I've become the one thing I always feared. More Jor-El than Jonathan. More alien than human.

The only weakness I have, if you can call it that, is Lex. Or rather Lex's son, Julian. Lex died long ago, years, I'm pretty sure, decades maybe. But Julian carries on the Luthor legacy.

We rarely talk, Julian and I. We're just two strangers connected by this unbreakable and invisible thread. Julian knows who I am, as both Clark and Superman, which didn't surprise me as much as I thought it should. Of course Lex figured it out and of course he told his son. It's only fitting. Sort of like passing the torch.

Sometimes I wish that Lex and I hadn't grown to hate each other so much. It would have been nice to have someone to confide in after my parents died. I never did hear from Pete after he moved away with his mom. Which only reinforced my belief that my secret should stay just that.

"Clark."

I turn at the sound, my cape whispering around my legs. I'm surprised, but then again not, at seeing Julian walking towards me.

Something in me has been waiting for this for days.

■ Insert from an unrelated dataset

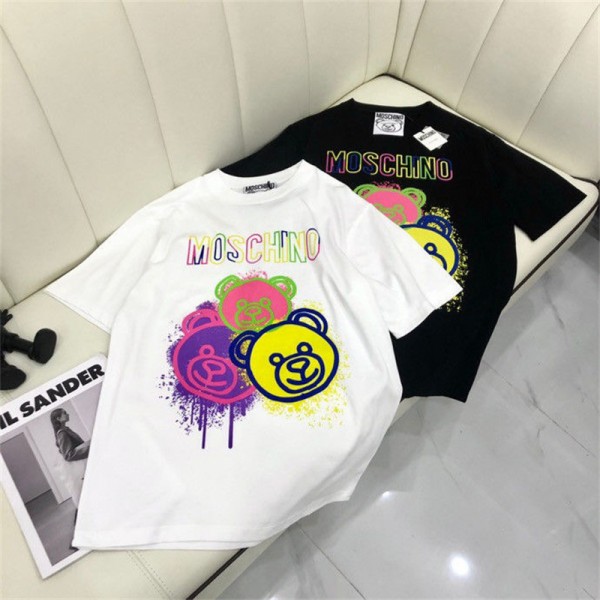 モスキーノブランドｔシャツ かわいい 半袖 tシャツ上着 高品質 コットン 肌に優しい tシャツ トップス 夏 オーバーサイズ ゆったり 丸首 tシャツ 男女兼用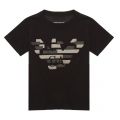 Boys Black PU Eagle Logo S/s T Shirt 30713 by Emporio Armani from Hurleys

I didn't hear the roof door open or shut but I've been focused so internally that all outside noises have ceased to exist. Yet my given name spoke in a voice so like his father's...

I nod in greeting and go back to contemplating the Metropolis skyline at sunset. Truly a spectacular sight. Glass and steel reflecting the reddish gold glow of a seeing sun. There was a time in the past when such a view would have taken my breath away. Now I can only appreciate that I once knew it to be beautiful.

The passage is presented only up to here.